The game isn't all meet-cutes - it's got a much larger number of platonic interactions between characters which trigger based on where they're sitting, what they're doing, and who else is around. Many of them are charmingly pointless - the characters will do something so odd or awkward that you're not quite sure what the game is trying to say about their relationship. The game seems to be deliberately pursuing a "huh????" attitude with a lot of this content. It works - if you're packing the game with discordant groups of fictional characters, that kind of random story event is very much in line with the overall tone of the game.
There's also a few event systems which act as stubs for a variety of different interpersonal interactions. For example, characters often fall down and need help to get up. They may advance their relationship with whoever you assign to help them up - and sometimes they pivot that interaction directly into a meet-cute cutscene where the rescued character falls in love, and the player gets a chance to tell them whether or not to pursue it.
It's really cool to see a Nintendo game doing this kind of stuff. When it comes to Nintendo, I mostly only play Pokemon games, which have pretty indifferent narrative design. It's gotten me into a place where I don't expect to see a lot of sophisticated narrative systems when I pick up my switch. Animal Crossing games usually have much stronger narrative systems... but Tomodachi Life is really hitting another level, I think. I think anyone who works in games narrative would find something interesting in here, craft-wise.

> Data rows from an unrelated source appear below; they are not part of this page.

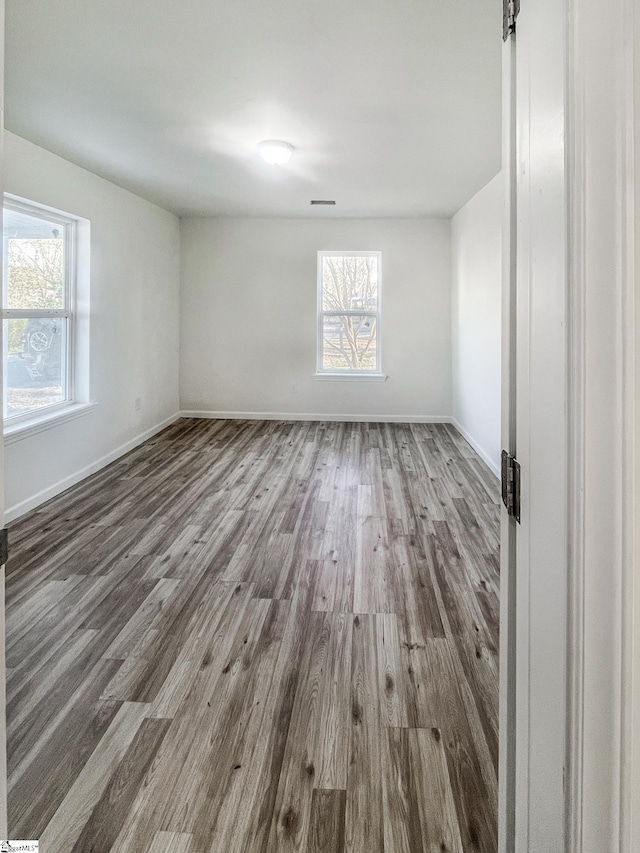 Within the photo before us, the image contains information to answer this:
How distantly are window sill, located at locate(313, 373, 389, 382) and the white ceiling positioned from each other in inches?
102

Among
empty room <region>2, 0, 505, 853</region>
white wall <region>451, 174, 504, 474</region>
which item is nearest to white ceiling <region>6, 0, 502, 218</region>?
empty room <region>2, 0, 505, 853</region>

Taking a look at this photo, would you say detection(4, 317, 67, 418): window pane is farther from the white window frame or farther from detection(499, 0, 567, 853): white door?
detection(499, 0, 567, 853): white door

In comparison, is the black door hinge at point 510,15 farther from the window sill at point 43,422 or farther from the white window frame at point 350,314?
the white window frame at point 350,314

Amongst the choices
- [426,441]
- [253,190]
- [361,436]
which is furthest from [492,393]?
[253,190]

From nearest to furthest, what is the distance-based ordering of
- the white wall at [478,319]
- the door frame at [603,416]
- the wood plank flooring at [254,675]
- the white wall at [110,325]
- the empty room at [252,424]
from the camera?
the door frame at [603,416]
the wood plank flooring at [254,675]
the empty room at [252,424]
the white wall at [110,325]
the white wall at [478,319]

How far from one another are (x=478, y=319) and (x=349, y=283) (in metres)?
2.18

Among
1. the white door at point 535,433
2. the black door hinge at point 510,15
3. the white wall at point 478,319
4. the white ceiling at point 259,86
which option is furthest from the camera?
the white wall at point 478,319

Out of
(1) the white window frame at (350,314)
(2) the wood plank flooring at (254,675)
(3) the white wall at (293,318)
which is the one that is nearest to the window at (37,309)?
(2) the wood plank flooring at (254,675)

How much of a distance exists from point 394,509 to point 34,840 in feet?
9.48

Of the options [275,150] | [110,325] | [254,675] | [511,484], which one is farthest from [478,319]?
[511,484]

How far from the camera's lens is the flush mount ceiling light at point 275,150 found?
3.83 meters

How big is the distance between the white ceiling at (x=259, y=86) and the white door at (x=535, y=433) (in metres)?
1.77

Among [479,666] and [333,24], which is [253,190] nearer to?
[333,24]

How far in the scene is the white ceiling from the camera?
90.4 inches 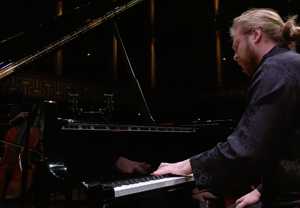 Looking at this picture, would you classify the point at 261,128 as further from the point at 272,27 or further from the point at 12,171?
the point at 12,171

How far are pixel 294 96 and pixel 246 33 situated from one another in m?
0.40

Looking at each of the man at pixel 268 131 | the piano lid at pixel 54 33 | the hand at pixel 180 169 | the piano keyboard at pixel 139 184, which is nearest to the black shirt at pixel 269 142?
the man at pixel 268 131

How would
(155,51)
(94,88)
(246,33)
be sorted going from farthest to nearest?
(155,51)
(94,88)
(246,33)

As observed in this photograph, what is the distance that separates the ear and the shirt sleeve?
0.73ft

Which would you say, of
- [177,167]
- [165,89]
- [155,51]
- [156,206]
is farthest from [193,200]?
[155,51]

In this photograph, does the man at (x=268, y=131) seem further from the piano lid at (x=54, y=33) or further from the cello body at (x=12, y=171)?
the cello body at (x=12, y=171)

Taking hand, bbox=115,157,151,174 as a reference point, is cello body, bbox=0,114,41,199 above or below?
below

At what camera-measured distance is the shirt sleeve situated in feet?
4.70

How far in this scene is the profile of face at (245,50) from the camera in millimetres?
1708

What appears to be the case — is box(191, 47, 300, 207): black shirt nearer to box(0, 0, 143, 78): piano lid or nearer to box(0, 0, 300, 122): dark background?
box(0, 0, 143, 78): piano lid

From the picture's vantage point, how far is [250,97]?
1552 mm

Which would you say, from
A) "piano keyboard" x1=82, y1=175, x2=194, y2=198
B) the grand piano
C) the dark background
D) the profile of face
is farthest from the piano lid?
the dark background

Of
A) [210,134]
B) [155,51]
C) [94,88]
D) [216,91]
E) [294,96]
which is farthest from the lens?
[155,51]

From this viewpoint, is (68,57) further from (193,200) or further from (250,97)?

I think the game also demonstrates that a lot of these systems are easier to "sell" to the player if the content is silly, stupid, and kind of random-feeling. It's very hard to build rigorous consistency into systems like these. The player does a lot of work of papering over disjoints between the storylets and telling themselves the story of how it all fits together. If the entire setting of the game is parodic and kind of random-feeling, then disjoints are just part of the experience. The game communicates this with the art, too - all items in the game are just photographs of real-world items, often with the color saturation turned up so high that they look like images from the Tellytubbies. I just won a minigame which awarded me with a photograph of a stag beetle. I gave the beetle to someone as a pet. The pet has minimal animation and sometimes scurries around on the ground as an unanimated photograph of a beetle. It's incredible. All the food is just photographs of food, too.
Despite this, it doesn't feel "too random". You spend so long fiddling with these people that the game avoids the curse of feeling completely random. Because... the events are salient! They emerge correctly from the context of your gameplay! It feels completely natural to me that everyone on the island is falling in love with Gollum!